The invention will now be described, by way of example only, with reference to the accompanying drawings.

FIG. 1 is a schematic cross-sectional view of three vessels suitable for use in a system embodying the present invention. It shows vessels (A, B and C) suitable for operation with a hydrogen/oxygen fuel cell (not shown).

All the vessels in the drawing contain two chambers (1, 2) having volumes in a 1:2 ratio. Chamber 1 will contain oxygen, and chamber 2 will contain hydrogen. The outer casing (3) may be made from a high pressure-resistant metal or a composite cylinder. The inner wall (4) is not required to withstand a high pressure differential. The dotted lines illustrate how a moveable or flexible separator may conform to apply a correction for small pressure differentials. The inner wall may be flexible to allow for corrections in pressure. The thin dashed line (5) represents the position of the inner wall when correcting for high oxygen pressure and the thick dashed line (6) represents a correction for high hydrogen pressure.

Vessel A is a cylindrical vessel, in which the chambers are coaxial. This is a particularly preferred embodiment. The fact that the chambers are coaxial means that the relative radii of the chambers, required to give a 2:1 volume ratio, are easily calculated. Further it naturally facilitates a coaxial arrangement of the valved ports of the hydrogen and oxygen coupling system, which is preferred for safety and ease of use.

Claims

1. A fuelling system comprising a hydrogen/oxygen fuel cell having hydrogen and oxygen compartments, and a vessel having first and second chambers, the first chamber connected to the hydrogen compartment and the second chamber connected to the oxygen compartment, via valved ports, wherein the volume of the first chamber is approximately twice the volume of the second chamber.

2. The system according to claim 1, additionally comprising a water electrolyser having hydrogen and oxygen electrode compartments, the hydrogen electrode compartment connected to the first chamber of the vessel and the oxygen electrode compartment connected to the second chamber of the vessel, via valved ports.

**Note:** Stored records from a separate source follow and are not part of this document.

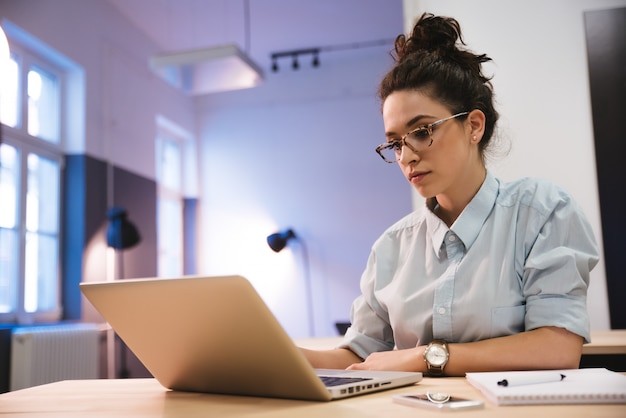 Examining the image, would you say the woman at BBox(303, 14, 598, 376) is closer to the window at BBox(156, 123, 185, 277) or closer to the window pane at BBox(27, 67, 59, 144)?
the window pane at BBox(27, 67, 59, 144)

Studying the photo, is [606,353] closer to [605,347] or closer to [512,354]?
[605,347]

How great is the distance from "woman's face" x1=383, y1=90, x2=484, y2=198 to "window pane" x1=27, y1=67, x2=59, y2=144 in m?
4.04

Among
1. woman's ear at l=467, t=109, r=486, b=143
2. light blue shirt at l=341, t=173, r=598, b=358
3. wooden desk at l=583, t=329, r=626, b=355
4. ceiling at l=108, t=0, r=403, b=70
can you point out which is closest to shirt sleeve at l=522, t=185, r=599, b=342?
light blue shirt at l=341, t=173, r=598, b=358

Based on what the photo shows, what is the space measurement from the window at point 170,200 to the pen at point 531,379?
6152 mm

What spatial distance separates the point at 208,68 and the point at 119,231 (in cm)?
148

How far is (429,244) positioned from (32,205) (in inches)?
159

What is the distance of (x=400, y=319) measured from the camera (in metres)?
1.46

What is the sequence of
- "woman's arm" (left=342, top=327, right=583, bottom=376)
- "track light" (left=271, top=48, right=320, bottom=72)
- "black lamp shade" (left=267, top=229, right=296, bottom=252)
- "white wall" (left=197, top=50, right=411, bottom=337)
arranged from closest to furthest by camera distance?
"woman's arm" (left=342, top=327, right=583, bottom=376), "black lamp shade" (left=267, top=229, right=296, bottom=252), "track light" (left=271, top=48, right=320, bottom=72), "white wall" (left=197, top=50, right=411, bottom=337)

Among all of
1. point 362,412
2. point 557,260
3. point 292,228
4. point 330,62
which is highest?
point 330,62

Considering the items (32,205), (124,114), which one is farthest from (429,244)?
(124,114)

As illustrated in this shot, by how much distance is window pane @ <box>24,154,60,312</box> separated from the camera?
4789 millimetres

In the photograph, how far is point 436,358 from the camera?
3.95 ft

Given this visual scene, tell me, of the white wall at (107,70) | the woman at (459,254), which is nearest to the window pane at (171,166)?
the white wall at (107,70)

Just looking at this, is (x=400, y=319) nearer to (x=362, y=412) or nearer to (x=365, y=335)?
(x=365, y=335) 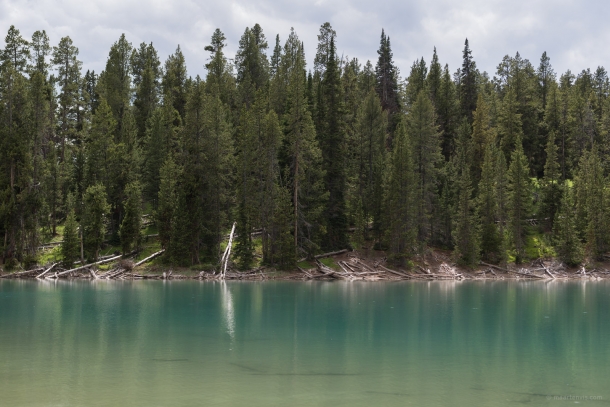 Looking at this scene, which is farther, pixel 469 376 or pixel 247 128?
pixel 247 128

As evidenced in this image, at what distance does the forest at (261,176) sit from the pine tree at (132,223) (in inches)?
6.6

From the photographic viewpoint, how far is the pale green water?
13.2m

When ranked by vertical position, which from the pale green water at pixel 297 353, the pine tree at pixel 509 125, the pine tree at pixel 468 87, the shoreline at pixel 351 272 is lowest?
the pale green water at pixel 297 353

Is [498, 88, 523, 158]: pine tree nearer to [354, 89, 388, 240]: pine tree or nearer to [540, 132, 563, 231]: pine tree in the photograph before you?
[540, 132, 563, 231]: pine tree

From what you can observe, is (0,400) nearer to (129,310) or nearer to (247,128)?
(129,310)

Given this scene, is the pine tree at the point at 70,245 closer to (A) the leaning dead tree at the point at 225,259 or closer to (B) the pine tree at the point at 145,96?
(A) the leaning dead tree at the point at 225,259

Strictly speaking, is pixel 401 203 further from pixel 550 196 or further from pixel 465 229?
pixel 550 196

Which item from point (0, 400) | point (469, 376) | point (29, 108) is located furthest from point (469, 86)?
point (0, 400)

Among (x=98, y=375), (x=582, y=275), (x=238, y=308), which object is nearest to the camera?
(x=98, y=375)

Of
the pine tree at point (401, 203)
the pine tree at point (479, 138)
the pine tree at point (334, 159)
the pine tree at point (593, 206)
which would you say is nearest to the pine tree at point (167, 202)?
the pine tree at point (334, 159)

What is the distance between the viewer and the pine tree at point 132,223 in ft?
199

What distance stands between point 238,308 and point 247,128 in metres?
35.9

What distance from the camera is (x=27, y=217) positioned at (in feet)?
195

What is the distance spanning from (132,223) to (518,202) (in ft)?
157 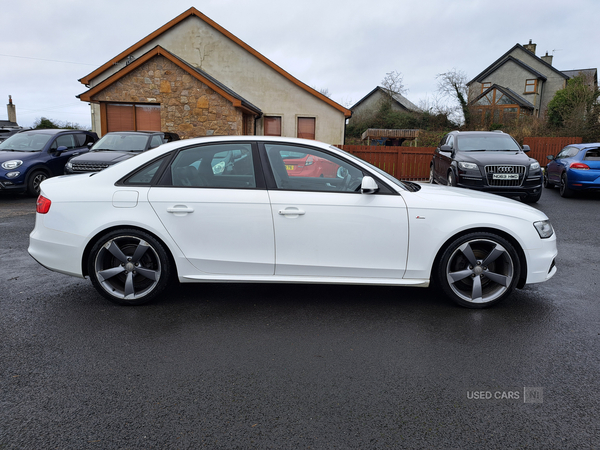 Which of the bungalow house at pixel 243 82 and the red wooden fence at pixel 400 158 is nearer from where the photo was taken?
the red wooden fence at pixel 400 158

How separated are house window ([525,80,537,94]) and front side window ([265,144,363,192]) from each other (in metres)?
54.0

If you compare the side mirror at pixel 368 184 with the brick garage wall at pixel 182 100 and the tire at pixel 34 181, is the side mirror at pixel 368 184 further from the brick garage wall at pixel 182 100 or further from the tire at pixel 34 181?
the brick garage wall at pixel 182 100

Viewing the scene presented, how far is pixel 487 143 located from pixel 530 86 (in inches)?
1782

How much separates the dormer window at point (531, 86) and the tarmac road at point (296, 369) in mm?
52707

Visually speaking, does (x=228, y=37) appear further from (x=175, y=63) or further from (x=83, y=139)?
(x=83, y=139)

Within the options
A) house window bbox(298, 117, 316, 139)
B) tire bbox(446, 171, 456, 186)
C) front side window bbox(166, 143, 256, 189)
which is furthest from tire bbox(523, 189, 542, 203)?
house window bbox(298, 117, 316, 139)

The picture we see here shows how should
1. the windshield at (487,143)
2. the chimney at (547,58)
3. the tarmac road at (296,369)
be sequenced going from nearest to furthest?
the tarmac road at (296,369)
the windshield at (487,143)
the chimney at (547,58)

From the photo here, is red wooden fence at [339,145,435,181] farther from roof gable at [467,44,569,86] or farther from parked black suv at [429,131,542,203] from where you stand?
roof gable at [467,44,569,86]

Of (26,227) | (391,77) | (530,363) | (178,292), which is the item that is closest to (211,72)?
(26,227)

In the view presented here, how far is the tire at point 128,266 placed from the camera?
4.23 metres

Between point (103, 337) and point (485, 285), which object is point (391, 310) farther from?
point (103, 337)

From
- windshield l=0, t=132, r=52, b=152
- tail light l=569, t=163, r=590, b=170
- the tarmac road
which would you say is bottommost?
the tarmac road

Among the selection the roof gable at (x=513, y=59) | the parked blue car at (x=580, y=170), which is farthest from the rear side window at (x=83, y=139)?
the roof gable at (x=513, y=59)

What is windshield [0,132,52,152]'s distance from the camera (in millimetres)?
12688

3. The system according to claim 2, wherein the water electrolyser is a high pressure electrolyser.

4. The system according to claim 1, wherein the vessel is cylindrical and the chambers are coaxial.

5. A method of fuelling a hydrogen/oxygen fuel cell having hydrogen and oxygen compartments, which comprises supplying hydrogen from a first chamber of a vessel to the hydrogen compartment and supplying oxygen from a second chamber of the vessel to the oxygen compartment, wherein the hydrogen and oxygen are supplied in a stoichiometric ratio and at substantially equal pressures.

6. The method according to claim 5, additionally comprising supplying hydrogen from a hydrogen electrode compartment of a water electrolyser into the first chamber of the vessel, and supplying oxygen from an oxygen electrode compartment of the water electrolyser into the second chamber of the vessel.

7. The method according to claim 6, wherein the water electrolyser is a high pressure electrolyser.